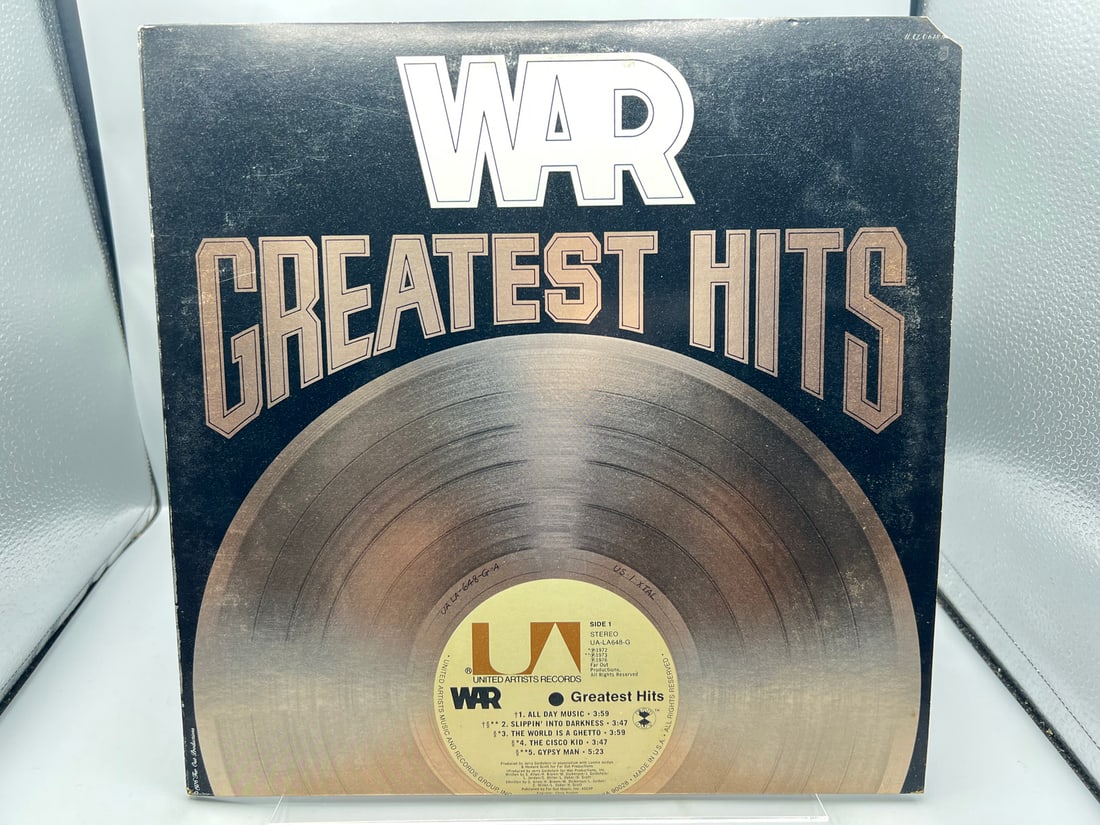 1976 War Greatest Hits Vinyl Album - UA-LA648-G (1 of 7)
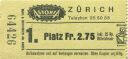 Cinema Astoria Zürich - Kinokarte
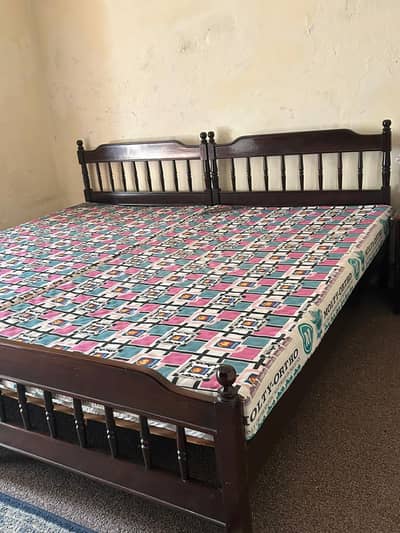 single bedset with artho matress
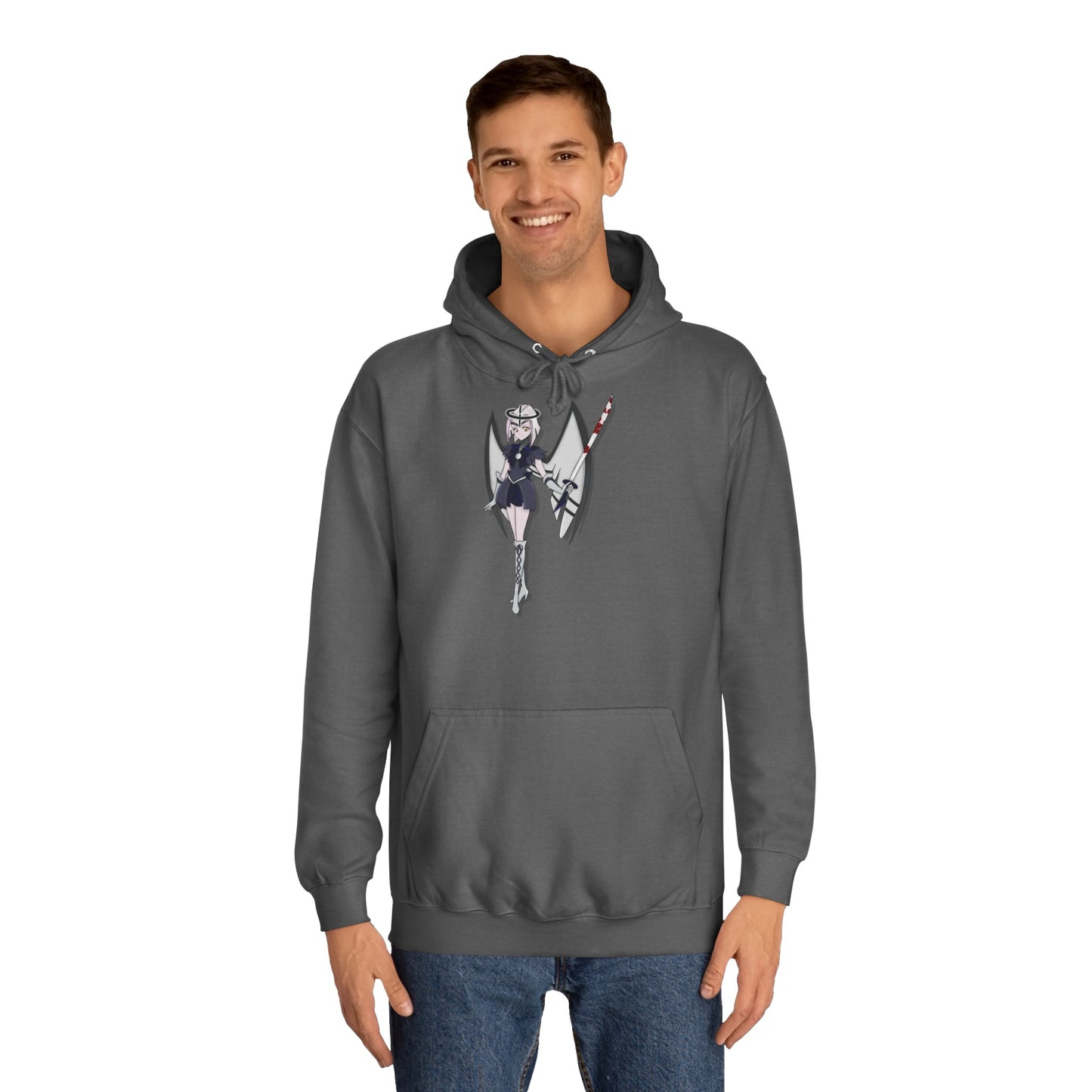 Space Warrior Lute College Hoodie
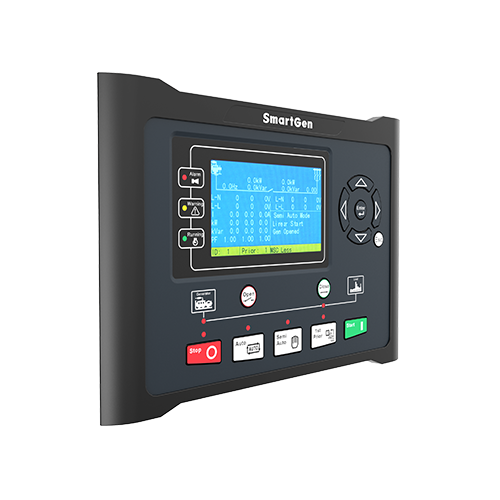 Marine generator power distribution control module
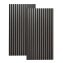 Wandpaneele Akustikpaneele Eiko 2er-Set Eiche grau - 3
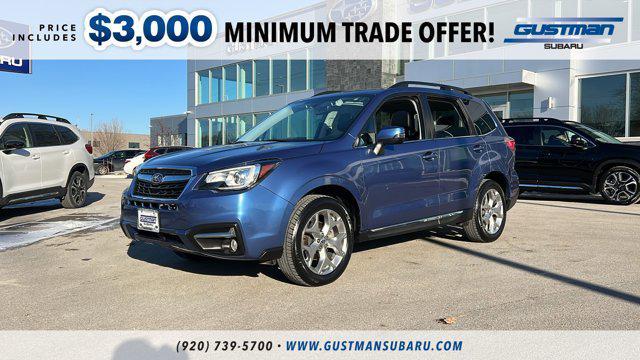 used 2018 Subaru Forester car, priced at $26,995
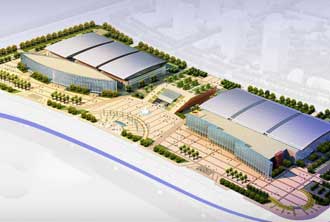 漳州家博会展馆:漳州华阳体育馆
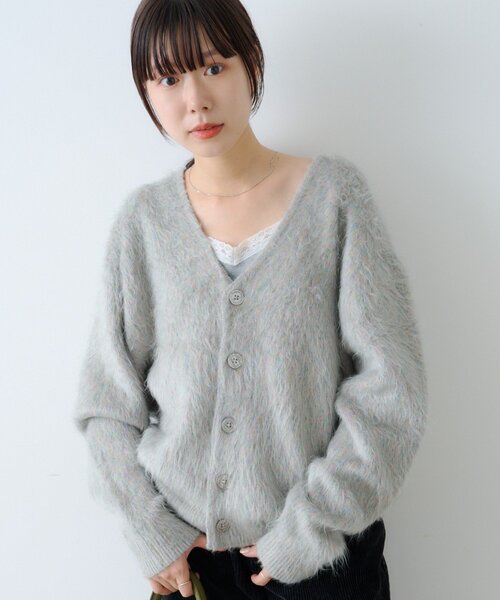 WHIMSIC（ウィムジック） カーディガン 「WHIMSIC/2サイズ展開/新色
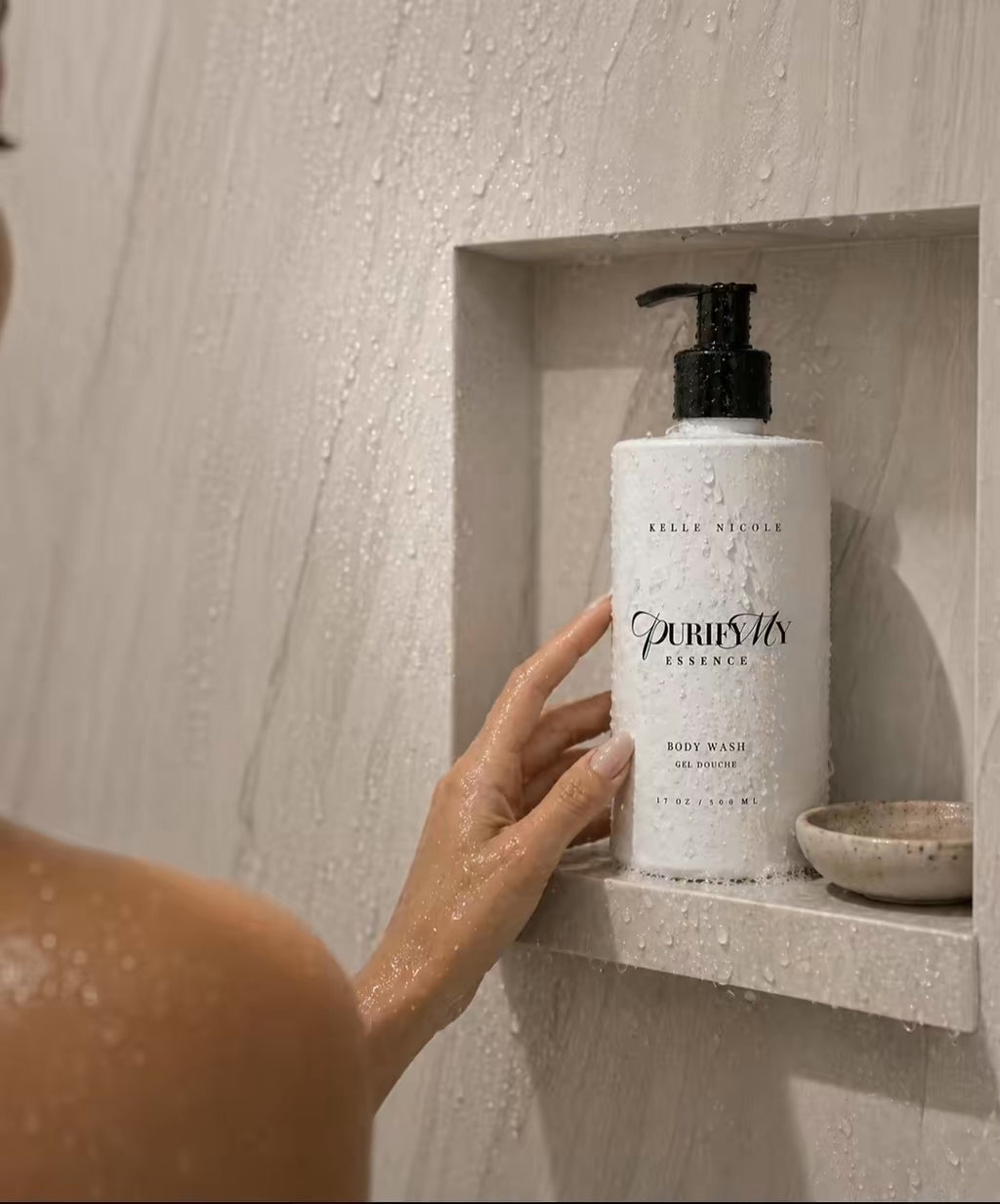 Purify My Essence Hydrating Body Wash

**Problem to work on**
Set down nothing but the lines from the one containing "WHIMSIC（ウィムジック） カーディガン 「WHIMSIC/2サイズ展開/新色" to the final line above, both included, with every picture left out.

**Solution to this problem**
 WHIMSIC（ウィムジック） カーディガン 「WHIMSIC/2サイズ展開/新色
 Purify My Essence Hydrating Body Wash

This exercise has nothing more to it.